Murray wanted FERC, which regulates the wholesale transmission of energy, to enact a Trump Administration proposal that would have subsidized coal-fired power plants and helped keep them competitive with cheaper natural gas. Murray Energy and other coal companies argues that without enough coal in the nation’s fuel mix the electric grid could become unreliable, posing a risk to national security.
“What natural gas is available, you know, it comes in a finite pipe,” Murray said. “People forget that too, that these gas wells aren’t going to last. This glut of gas is not going to last.”
The proposal was widely criticized and FERC rejected the idea last year. Murray and other coal industry actors viewed that as a failure by FERC to prioritize the resiliency of the power grid to threats from extreme weather events.
Chatterjee personally invited Murray to speak, knowing that he would be harshly critical. “He was obviously sharply critical of the commission and the decision we made,” Chatterjee said. “And that’s precisely what I hoped to achieve by inviting him here: to start the dialogue.”
FERC and the University of Kentucky Center for Applied Energy Research hosted the event, which Chatterjee called a frank discussion away from the politics of Washington, D.C. Attendees included executives from fossil fuel, nuclear and renewable energy industries, and regulatory agencies from states across the country. They discussed the future of America’s energy mix, “all of the above” strategies and more aggressive action to address climate change, such as the Green New Deal proposal.
Other coal industry leaders had prominent roles. Alliance Research Partners CEO Joe Craft sat at Chatterjee’s left hand during a buffet-style lunch, and former Peabody Energy executive Fred Palmer took center stage in a panel about retraining displaced coal sector workers.

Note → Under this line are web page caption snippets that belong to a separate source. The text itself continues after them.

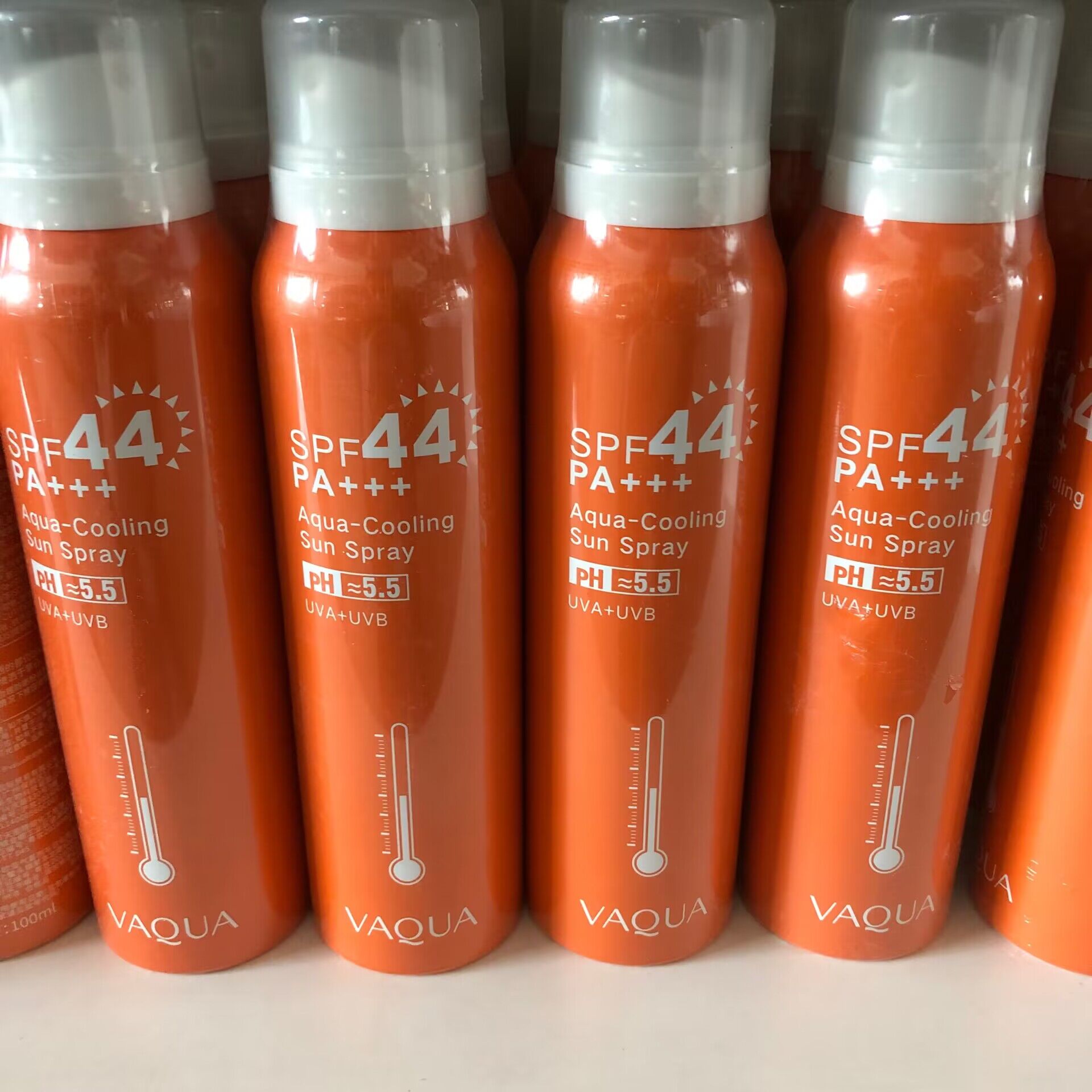 活泉冰点防晒喷雾spf44PA+++100ml冰凉防晒防水抗汗军训高倍防护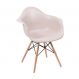 Cadeira Eames Eiffel com Braço Fendi Base Madeira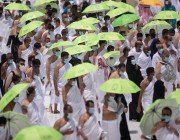 “الشؤون الإسلامية” تكمل توزيع ربع مليون مظلة شمسية للمعتمرين والمصلين بالحرم المكي
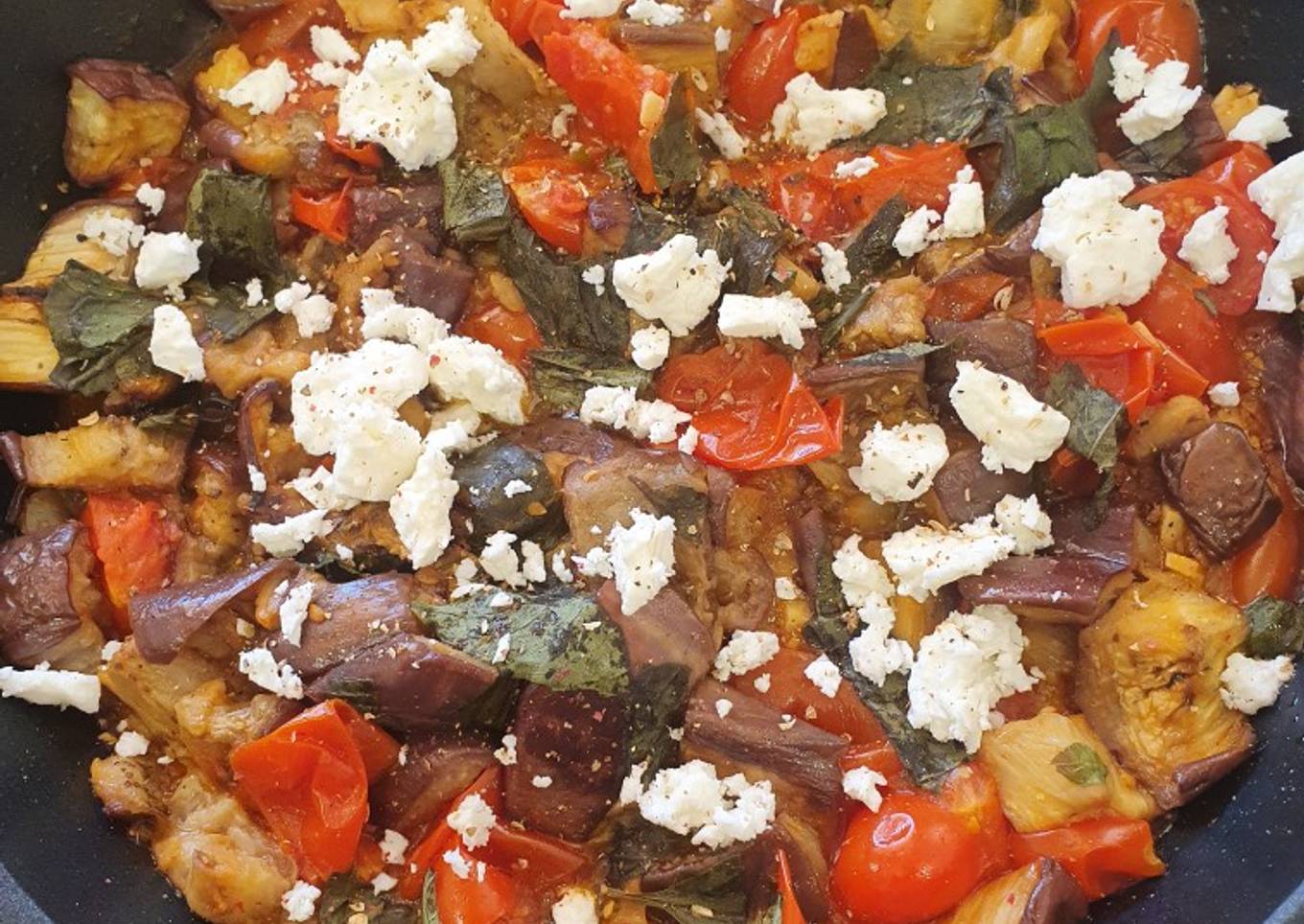 Berenjena y tomates cherry con albahaca y queso feta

The coal industry has struggled in recent years as a mix of efficiency, renewable energy and especially natural gas from fracking have made coal less competitive. Major bankruptcies have shaken the industry, and Bob Murray’s company could be next. Murray Energy has been in the news lately for mounting financial problems, and industry observers anticipate a bankruptcy announcement. Murray Energy is based in Ohio and the company claims to be the country’s largest underground mine company, with about 6,000 employees.